Required work: Please return the whole listing word for word.

Input records section start

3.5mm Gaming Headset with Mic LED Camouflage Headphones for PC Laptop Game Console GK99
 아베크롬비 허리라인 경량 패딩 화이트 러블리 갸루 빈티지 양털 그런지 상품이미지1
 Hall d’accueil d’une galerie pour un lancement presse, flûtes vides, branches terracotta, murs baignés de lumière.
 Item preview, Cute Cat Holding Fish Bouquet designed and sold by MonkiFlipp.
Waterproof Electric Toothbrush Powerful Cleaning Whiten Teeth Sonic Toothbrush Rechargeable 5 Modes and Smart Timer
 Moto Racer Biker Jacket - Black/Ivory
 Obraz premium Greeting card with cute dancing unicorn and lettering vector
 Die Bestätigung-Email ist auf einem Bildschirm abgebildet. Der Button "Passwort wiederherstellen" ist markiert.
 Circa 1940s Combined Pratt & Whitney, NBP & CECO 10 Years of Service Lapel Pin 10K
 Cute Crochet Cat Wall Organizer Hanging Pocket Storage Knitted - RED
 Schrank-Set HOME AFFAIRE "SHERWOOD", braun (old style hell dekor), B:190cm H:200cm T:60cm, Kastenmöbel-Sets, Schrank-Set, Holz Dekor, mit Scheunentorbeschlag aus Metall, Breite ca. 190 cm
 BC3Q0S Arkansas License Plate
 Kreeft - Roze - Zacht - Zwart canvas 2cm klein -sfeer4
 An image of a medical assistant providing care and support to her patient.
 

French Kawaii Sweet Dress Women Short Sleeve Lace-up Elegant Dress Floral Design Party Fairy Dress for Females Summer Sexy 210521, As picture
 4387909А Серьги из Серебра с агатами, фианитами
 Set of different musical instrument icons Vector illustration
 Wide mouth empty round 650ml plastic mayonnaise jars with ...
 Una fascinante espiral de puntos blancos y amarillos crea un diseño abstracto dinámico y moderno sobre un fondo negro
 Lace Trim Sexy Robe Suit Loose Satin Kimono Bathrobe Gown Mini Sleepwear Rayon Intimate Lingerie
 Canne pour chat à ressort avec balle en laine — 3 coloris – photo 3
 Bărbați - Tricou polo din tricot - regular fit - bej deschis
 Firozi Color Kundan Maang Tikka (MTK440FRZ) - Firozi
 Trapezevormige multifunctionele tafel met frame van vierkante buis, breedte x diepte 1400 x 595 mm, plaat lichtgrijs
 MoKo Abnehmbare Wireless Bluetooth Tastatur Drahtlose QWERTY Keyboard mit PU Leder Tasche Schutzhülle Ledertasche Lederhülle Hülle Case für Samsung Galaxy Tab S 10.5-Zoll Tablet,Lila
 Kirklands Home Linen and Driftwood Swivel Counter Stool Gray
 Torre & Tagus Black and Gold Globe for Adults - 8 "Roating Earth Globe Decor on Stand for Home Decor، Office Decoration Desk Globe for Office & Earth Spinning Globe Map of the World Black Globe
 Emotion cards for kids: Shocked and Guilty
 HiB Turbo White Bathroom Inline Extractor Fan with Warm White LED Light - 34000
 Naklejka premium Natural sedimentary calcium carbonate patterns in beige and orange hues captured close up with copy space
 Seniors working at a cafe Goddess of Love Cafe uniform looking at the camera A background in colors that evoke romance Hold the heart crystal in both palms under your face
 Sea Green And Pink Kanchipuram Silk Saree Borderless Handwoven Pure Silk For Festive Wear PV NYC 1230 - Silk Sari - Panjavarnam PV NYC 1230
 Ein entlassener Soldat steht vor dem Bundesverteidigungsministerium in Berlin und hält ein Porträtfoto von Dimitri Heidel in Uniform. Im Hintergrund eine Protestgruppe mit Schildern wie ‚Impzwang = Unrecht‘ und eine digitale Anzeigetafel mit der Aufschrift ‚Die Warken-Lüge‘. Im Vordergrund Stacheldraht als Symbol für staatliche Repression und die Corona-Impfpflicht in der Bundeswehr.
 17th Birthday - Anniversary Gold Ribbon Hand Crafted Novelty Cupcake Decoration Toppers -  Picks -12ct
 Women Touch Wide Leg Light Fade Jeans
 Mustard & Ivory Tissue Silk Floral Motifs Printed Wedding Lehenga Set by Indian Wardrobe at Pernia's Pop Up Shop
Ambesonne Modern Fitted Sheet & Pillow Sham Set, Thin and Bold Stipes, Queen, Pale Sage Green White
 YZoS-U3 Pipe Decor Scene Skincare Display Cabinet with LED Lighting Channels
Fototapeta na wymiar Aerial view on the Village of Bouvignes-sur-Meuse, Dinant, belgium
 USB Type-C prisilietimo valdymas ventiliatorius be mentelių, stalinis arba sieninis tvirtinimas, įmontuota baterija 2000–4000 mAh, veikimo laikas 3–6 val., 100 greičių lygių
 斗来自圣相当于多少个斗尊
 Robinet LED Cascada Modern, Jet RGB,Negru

Input records section end

Task solution:
3.5mm Gaming Headset with Mic LED Camouflage Headphones for PC Laptop Game Console GK99
 아베크롬비 허리라인 경량 패딩 화이트 러블리 갸루 빈티지 양털 그런지 상품이미지1
 Hall d’accueil d’une galerie pour un lancement presse, flûtes vides, branches terracotta, murs baignés de lumière.
 Item preview, Cute Cat Holding Fish Bouquet designed and sold by MonkiFlipp.
Waterproof Electric Toothbrush Powerful Cleaning Whiten Teeth Sonic Toothbrush Rechargeable 5 Modes and Smart Timer
 Moto Racer Biker Jacket - Black/Ivory
 Obraz premium Greeting card with cute dancing unicorn and lettering vector
 Die Bestätigung-Email ist auf einem Bildschirm abgebildet. Der Button "Passwort wiederherstellen" ist markiert.
 Circa 1940s Combined Pratt & Whitney, NBP & CECO 10 Years of Service Lapel Pin 10K
 Cute Crochet Cat Wall Organizer Hanging Pocket Storage Knitted - RED
 Schrank-Set HOME AFFAIRE "SHERWOOD", braun (old style hell dekor), B:190cm H:200cm T:60cm, Kastenmöbel-Sets, Schrank-Set, Holz Dekor, mit Scheunentorbeschlag aus Metall, Breite ca. 190 cm
 BC3Q0S Arkansas License Plate
 Kreeft - Roze - Zacht - Zwart canvas 2cm klein -sfeer4
 An image of a medical assistant providing care and support to her patient.
 

French Kawaii Sweet Dress Women Short Sleeve Lace-up Elegant Dress Floral Design Party Fairy Dress for Females Summer Sexy 210521, As picture
 4387909А Серьги из Серебра с агатами, фианитами
 Set of different musical instrument icons Vector illustration
 Wide mouth empty round 650ml plastic mayonnaise jars with ...
 Una fascinante espiral de puntos blancos y amarillos crea un diseño abstracto dinámico y moderno sobre un fondo negro
 Lace Trim Sexy Robe Suit Loose Satin Kimono Bathrobe Gown Mini Sleepwear Rayon Intimate Lingerie
 Canne pour chat à ressort avec balle en laine — 3 coloris – photo 3
 Bărbați - Tricou polo din tricot - regular fit - bej deschis
 Firozi Color Kundan Maang Tikka (MTK440FRZ) - Firozi
 Trapezevormige multifunctionele tafel met frame van vierkante buis, breedte x diepte 1400 x 595 mm, plaat lichtgrijs
 MoKo Abnehmbare Wireless Bluetooth Tastatur Drahtlose QWERTY Keyboard mit PU Leder Tasche Schutzhülle Ledertasche Lederhülle Hülle Case für Samsung Galaxy Tab S 10.5-Zoll Tablet,Lila
 Kirklands Home Linen and Driftwood Swivel Counter Stool Gray
 Torre & Tagus Black and Gold Globe for Adults - 8 "Roating Earth Globe Decor on Stand for Home Decor، Office Decoration Desk Globe for Office & Earth Spinning Globe Map of the World Black Globe
 Emotion cards for kids: Shocked and Guilty
 HiB Turbo White Bathroom Inline Extractor Fan with Warm White LED Light - 34000
 Naklejka premium Natural sedimentary calcium carbonate patterns in beige and orange hues captured close up with copy space
 Seniors working at a cafe Goddess of Love Cafe uniform looking at the camera A background in colors that evoke romance Hold the heart crystal in both palms under your face
 Sea Green And Pink Kanchipuram Silk Saree Borderless Handwoven Pure Silk For Festive Wear PV NYC 1230 - Silk Sari - Panjavarnam PV NYC 1230
 Ein entlassener Soldat steht vor dem Bundesverteidigungsministerium in Berlin und hält ein Porträtfoto von Dimitri Heidel in Uniform. Im Hintergrund eine Protestgruppe mit Schildern wie ‚Impzwang = Unrecht‘ und eine digitale Anzeigetafel mit der Aufschrift ‚Die Warken-Lüge‘. Im Vordergrund Stacheldraht als Symbol für staatliche Repression und die Corona-Impfpflicht in der Bundeswehr.
 17th Birthday - Anniversary Gold Ribbon Hand Crafted Novelty Cupcake Decoration Toppers -  Picks -12ct
 Women Touch Wide Leg Light Fade Jeans
 Mustard & Ivory Tissue Silk Floral Motifs Printed Wedding Lehenga Set by Indian Wardrobe at Pernia's Pop Up Shop
Ambesonne Modern Fitted Sheet & Pillow Sham Set, Thin and Bold Stipes, Queen, Pale Sage Green White
 YZoS-U3 Pipe Decor Scene Skincare Display Cabinet with LED Lighting Channels
Fototapeta na wymiar Aerial view on the Village of Bouvignes-sur-Meuse, Dinant, belgium
 USB Type-C prisilietimo valdymas ventiliatorius be mentelių, stalinis arba sieninis tvirtinimas, įmontuota baterija 2000–4000 mAh, veikimo laikas 3–6 val., 100 greičių lygių
 斗来自圣相当于多少个斗尊
 Robinet LED Cascada Modern, Jet RGB,Negru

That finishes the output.